Flights? Hotels? Attractions? All here, in one app

The idea for a trip planner came about beacuse I wanted to refine the process for how trips were planned, from the hotel and flight reservations to choosing what places to visit. With so many websites offering different services, it can be hard to make a cohesive plan for a vacation. The idea with VacayAway was to make an app that was able to combine hotel reservations, cheapest flight selections, and intelligent itinerary planning and scheduling all in one app. Check out the VacayAway source code here.
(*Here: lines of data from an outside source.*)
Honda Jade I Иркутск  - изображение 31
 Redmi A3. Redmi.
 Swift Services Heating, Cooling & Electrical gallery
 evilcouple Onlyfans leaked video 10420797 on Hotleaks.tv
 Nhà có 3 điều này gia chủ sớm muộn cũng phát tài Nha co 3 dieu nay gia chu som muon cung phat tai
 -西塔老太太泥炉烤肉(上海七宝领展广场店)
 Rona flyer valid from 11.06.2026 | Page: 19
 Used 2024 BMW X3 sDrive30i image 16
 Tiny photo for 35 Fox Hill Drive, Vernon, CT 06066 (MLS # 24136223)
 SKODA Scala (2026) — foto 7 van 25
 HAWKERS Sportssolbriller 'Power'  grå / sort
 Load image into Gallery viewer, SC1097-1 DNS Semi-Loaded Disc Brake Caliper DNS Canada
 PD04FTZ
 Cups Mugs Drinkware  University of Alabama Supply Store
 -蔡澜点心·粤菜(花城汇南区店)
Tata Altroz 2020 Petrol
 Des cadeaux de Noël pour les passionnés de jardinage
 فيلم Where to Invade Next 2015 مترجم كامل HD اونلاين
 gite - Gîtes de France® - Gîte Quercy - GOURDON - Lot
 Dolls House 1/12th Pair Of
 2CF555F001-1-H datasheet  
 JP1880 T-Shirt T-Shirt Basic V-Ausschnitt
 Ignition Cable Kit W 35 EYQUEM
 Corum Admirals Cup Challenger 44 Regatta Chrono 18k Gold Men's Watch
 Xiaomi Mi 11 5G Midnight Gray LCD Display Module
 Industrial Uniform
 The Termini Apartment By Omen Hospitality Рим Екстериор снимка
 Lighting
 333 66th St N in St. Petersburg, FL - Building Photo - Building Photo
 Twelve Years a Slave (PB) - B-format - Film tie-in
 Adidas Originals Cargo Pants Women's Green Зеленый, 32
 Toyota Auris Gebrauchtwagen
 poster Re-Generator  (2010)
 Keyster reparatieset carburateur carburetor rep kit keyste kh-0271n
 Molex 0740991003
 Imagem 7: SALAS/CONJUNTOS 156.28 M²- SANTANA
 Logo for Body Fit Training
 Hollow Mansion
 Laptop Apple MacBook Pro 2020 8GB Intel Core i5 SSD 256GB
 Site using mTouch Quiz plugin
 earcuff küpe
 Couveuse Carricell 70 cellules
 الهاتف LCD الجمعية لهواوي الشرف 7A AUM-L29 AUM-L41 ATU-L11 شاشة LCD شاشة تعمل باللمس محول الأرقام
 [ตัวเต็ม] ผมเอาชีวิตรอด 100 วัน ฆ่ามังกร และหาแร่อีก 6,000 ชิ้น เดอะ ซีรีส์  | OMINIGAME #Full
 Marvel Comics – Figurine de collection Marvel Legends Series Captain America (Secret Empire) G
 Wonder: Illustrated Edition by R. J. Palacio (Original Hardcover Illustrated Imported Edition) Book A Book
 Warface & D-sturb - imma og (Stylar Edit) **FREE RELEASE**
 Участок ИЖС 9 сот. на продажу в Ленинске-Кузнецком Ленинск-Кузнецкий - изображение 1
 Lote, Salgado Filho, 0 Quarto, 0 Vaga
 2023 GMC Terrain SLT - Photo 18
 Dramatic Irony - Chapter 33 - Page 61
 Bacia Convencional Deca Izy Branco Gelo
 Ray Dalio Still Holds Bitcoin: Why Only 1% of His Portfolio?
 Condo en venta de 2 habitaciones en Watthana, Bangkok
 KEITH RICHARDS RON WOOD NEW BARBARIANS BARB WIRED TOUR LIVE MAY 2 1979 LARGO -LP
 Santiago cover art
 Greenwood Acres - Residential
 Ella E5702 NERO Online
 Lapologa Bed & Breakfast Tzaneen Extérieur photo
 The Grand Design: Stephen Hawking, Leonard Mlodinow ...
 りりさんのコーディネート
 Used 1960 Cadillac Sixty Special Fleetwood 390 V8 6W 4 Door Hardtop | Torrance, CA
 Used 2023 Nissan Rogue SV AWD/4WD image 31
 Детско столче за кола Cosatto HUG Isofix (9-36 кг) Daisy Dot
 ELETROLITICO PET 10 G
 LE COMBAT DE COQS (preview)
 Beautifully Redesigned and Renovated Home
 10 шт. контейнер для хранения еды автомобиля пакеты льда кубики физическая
I am completing this project individually.

Tech Stack:
Python Javascript ReactJS PyTorch Flask
GoogleCloud Firebase
LufthansaAPI GoogleMapsAPI AmadeusAPI

Storage and Authentication

I wanted to approach the development of the project working through the app as a user would navigate though it, starting with user navigation. Instead of setting up my own backend like I had done in a previous project with MongoDB, I wanted to try getting comfortable with cloud services, such as Google Cloud and Firebase.

Firebase allowed for simple authentication and storage, so I started incorporating these Firebase services into the ReactJS UI and storing info in a JSON-like format in the database. The Firebase database UI is shown here.

Info Gathering and Data Cleaning

A big part of the project consisted of getting the required infomation from various sources. There was no central database to find cheapest flights, things to do, and hotels all in one place, so I spent some time identifying APIs that could be readily integrated into the program. Preferably, I tried to use APIs that had a free tier and would allow for many API calls to ensure an unhindered testing process.

APIs of notable mention include the Lufthansa API and Amadeus API which I used collectively to find flights, the Google Places API to find attractions and hotels, and the Google Maps API to visually display all of the above. Seen right is an example of a Google Places API call in the browser environment.

Flask and Servers

Once I identified a list of attractions, I needed to find a way to intelligently organize them so that on a particular day, a tourist wouldnt be travelling to opposite ends of the city to complete their itinerary.

K-means grouping is a method of machine learning (unsupervised learning) which groups points into clusters. I implemented k-means grouping using PyTorch in a Python app, and by connecting the ReactJS frontend with the Python app using Flask, I was able to quickly group the attractions and display them on the map. Seen left is an example of two clusters of attractions.

Future Development Steps

With the k-means grouping complete, I simply need to find a way to schedule events throughout the day and display the itinerary in user-friendly format. Since I have already incorporated the database into the program, this information will persist in the program even if the user logs out.
I am currently working on hosting the app using Firebase Hosting, but with the inclusion of the Python Flask server, I have to revisit my plan for how to host both the frontend ReactJS and the Flask app together.
Other than these core features, the rest of the development will focus on improving the program's UI and user's overall experience.